Culture

REVIEW: ‘In the Dream House’ Recounts a Queer Latina’s Relationship With an Abusive Partner

Memoir "In The Dream House" by Carmen Maria Machado

There’s nothing conventional about Carmen Maria Machado’s new memoir, In the Dream House. Neither its subject nor its approach is quite like anything that’s ever been published before. Through narrative tropes like erotica, lesbian pulp novel, noir and American Gothic, she recounts the years she spent in a relationship with a woman who was both painfully charming and abusive.

The chaos would drown you if it were not for her masterful ability to bring you up for air at precisely all the right times.

The book’s first act of defiance is its use of the second-person point of view, which I’d like to think begins with the dedication, “If you need this book, it is for you.” What follows is Machado’s portrayal of a dream relationship gone sour, one that sharply objects to common notions of what abusers can look like and the forms abuse can take. The narrative is occasionally punctured by necessary reprieves that come in the form of a brief legal history of documented lesbian abuse, a cultural analysis of queer Disney characters, a sociological take on butchness and masculinity and a meditation on an inappropriate relationship Machado had with a priest in her adolescence. The chaos would drown you if it were not for her masterful ability to bring you up for air at precisely all the right times.

In the chapter “Dream House as Prologue,” Machado references the essay “Venus in Two Acts” by Sidiya Hartman, where the essayist names something called “archival silence.” The concept refers to the lack of stories in official records—sometimes because they were destroyed and other times because they were never told.
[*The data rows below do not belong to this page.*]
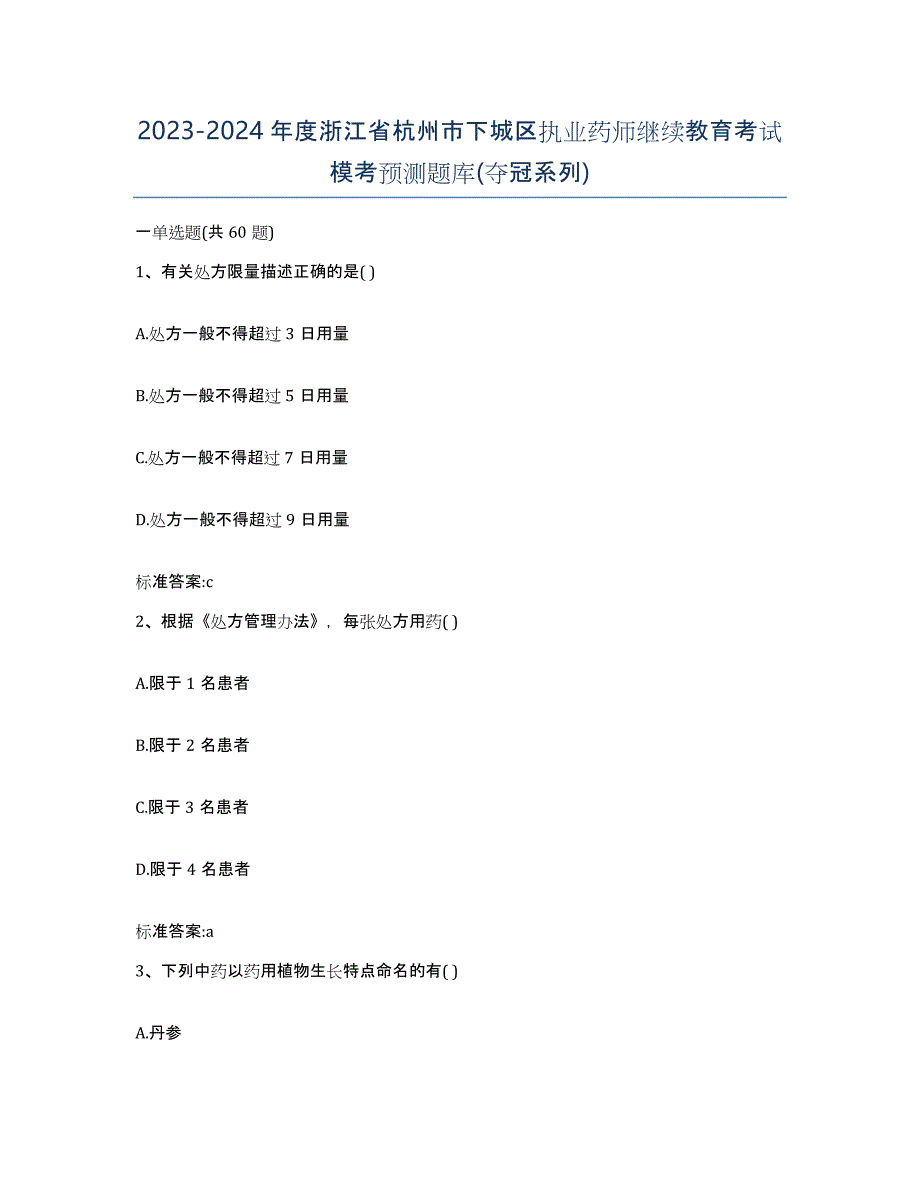 2023-2024年度浙江省杭州市下城区执业药师继续教育考试模考预测题库(夺冠系列)_第1页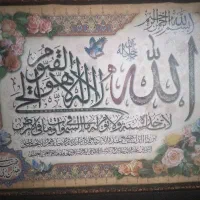 فروش حج اسفند86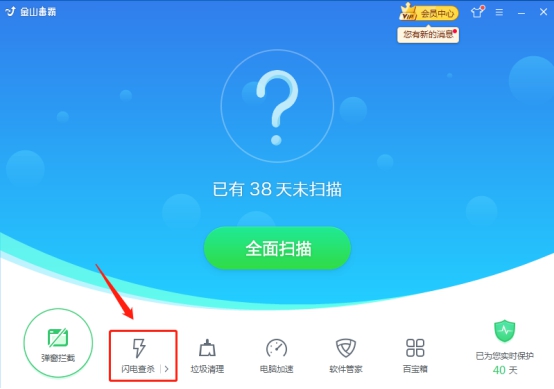 電腦桌面的任務(wù)欄隱藏了，要怎么顯示出來？
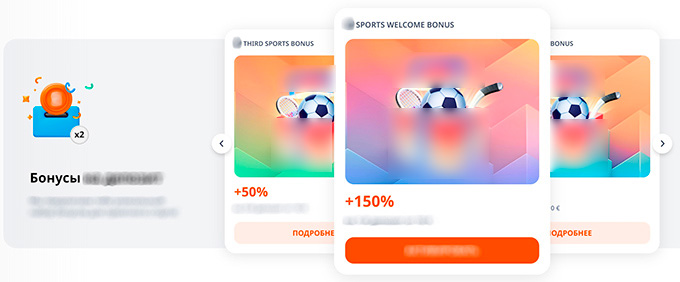 Промо для раздела «Спорт»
She imagines this absence as a particularly nefarious form of violence. Machado applies this to the erasure of abuse in lesbian relationships. Willful or not, this omission feeds life into the lie that abusers are always men and the myth of lesbian relationships as inherently safe.

Machado’s retelling of her relationship with the woman from the Dream House is not an exercise in catharsis nor is it a cautionary tale. By the end, there is no particular lesson Machado hopes the reader walks away with. To her, the story’s principal value lies in its material existence. The story is subversive simply because it was uttered. “I enter into the archive that domestic abuse between partners who share a gender identity is both possible and not uncommon, and that it can look something like this,” she writes. “I speak into the silence. I toss the stone of my story into a cast crevice; measure the emptiness by its small sound.”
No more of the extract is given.